FON’s business model is built around the shared WiFi concept. Participants devote a sliver of their WiFi bandwidth to the FON pool and in return can use all the other slivers on a global basis. The company has often worked with wireline incumbents - such as BT in the UK - to push out its shared network. Deutsche Telekom is also an enthusiastic backer.
As well as take a stake, Qualcomm Atheros has been working with FON on embedding the FON functionality in its WiFi hub chipset (as Qualcomm’s customers do - it is essentially a design house for silicon) and as part of that deal the design is made available to other customers via Qualcomm’s SDK so they can embed it as well, thus furthering the cause.
In this era of multi-billion dollar deals being done (it seems) on an almost daily basis in this market, FON’s $14 million might seem like an underwhelming total for what’s being billed by some as a game-changer.
According to FON’s CEO, Martin Varsavsky, “The amount of this round and the caliber of investors will propel us into our next stage of growth."
So the money is only part of the story.
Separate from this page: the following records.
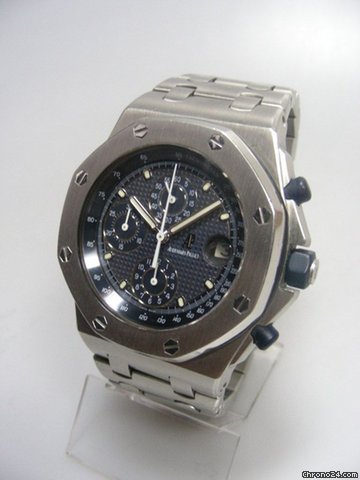 Audemars Piguet Off Shore chronographe full steel/complet acier cadran bleu/bleu dial WATCHES 2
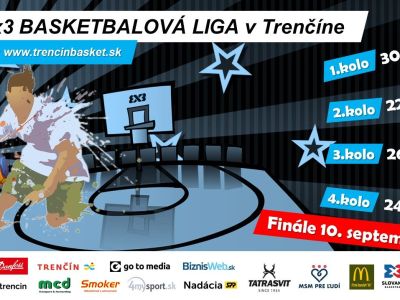 V Trenčíne štartuje 3×3 basketbalová liga, príďte si zahrať
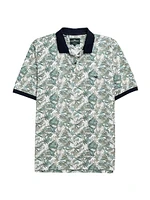 Arundel Palm Leaf Cotton Polo Shirt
FON needs to keep up its visibility as it grinds towards whatever number of hotspots it reckons will finally give it blanket enough coverage to really make a difference in the world. The Qualcomm deal in particular keeps it in the industry spotlight.
FON’s stated target is to have 35 million hotspots globally by 2016; it currently has 12 million and has grown by 50 per cent (it claims) in the past year, which at that rate puts it on target for around 35 million by the middle of 2016.
Coverage is uneven. In a long relationship with BT (the only big Euro wireline incumbent without a mobile arm) it has built up penetration to around 10 per cent of households (including mine). It claims France and Belgium are similar, but it admits that coverage can be uneven.
My own experience (and the map on Fon website) tells me that my town is covered in hotspots,. My computer’s WiFi settings tell me that two of those are in range, but the only time I’ve ever used FON was when my own service went down. Then it was highly useful.
We know how many (roughly) users FON has because it has 12 million hotspots, but what we don’t know is how many minutes per year each of those users (on average) uses. That WOULD be interesting.